Investment group CtW has said that Activision Blizzard CEO Robert Kotick is still paid too much, despite the exec's salary set to reduce.
In a statement on its website, the outfit asked shareholders to opposed the company's "Say-On-Pay" proposal due to the fact that Kotick now has a shorter employment contract. This combined with it Shareholder Value Creation Incentive – which sees the CEO receive bonuses based on Activision Blizzard's share price – basically nullifies the changes made to his base compensation.
"Because the contract extension is only until the end of March 2023, the only full year for which Mr Kotick will see a meaningful equity pay reduction is 2022," CtW said in its statement.
"In other words, the extension is not long enough to represent an earnest effort by the Compensation Committee to reduce the CEO’s outsized equity pay over a sustained period.The Compensation Committee is silent about its long-term incentive approach after March 2023.
"Further, the substantial payouts for Mr Kotick’s 2020 and 2021 awards alone are so large that they severely undermine the contractual reductions that apply largely to 2022. Mr Kotick has already received a windfall sufficiently large enough to cover reductions in pay through early 2023because of the Shareholder Value Creation Incentive."

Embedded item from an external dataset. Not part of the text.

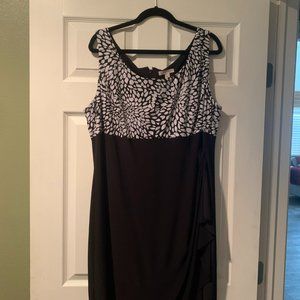 Dressbarn Collection 2 Piece Sleeveless Dress w/Jacket - Plus Size B/W Sequin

Back in June 2020, CtW Investment Group said that Activision Blizzard had "unnecessarily enriched" Kotick. The exec's compensation was reduced during April of this year, pending approval from shareholders.
CtW has levelled similar concerns at Electronic Arts, saying that its CTO and CFO are overpaid. The result of the investment group's statements led to EA shareholders voting down exec pay proposals.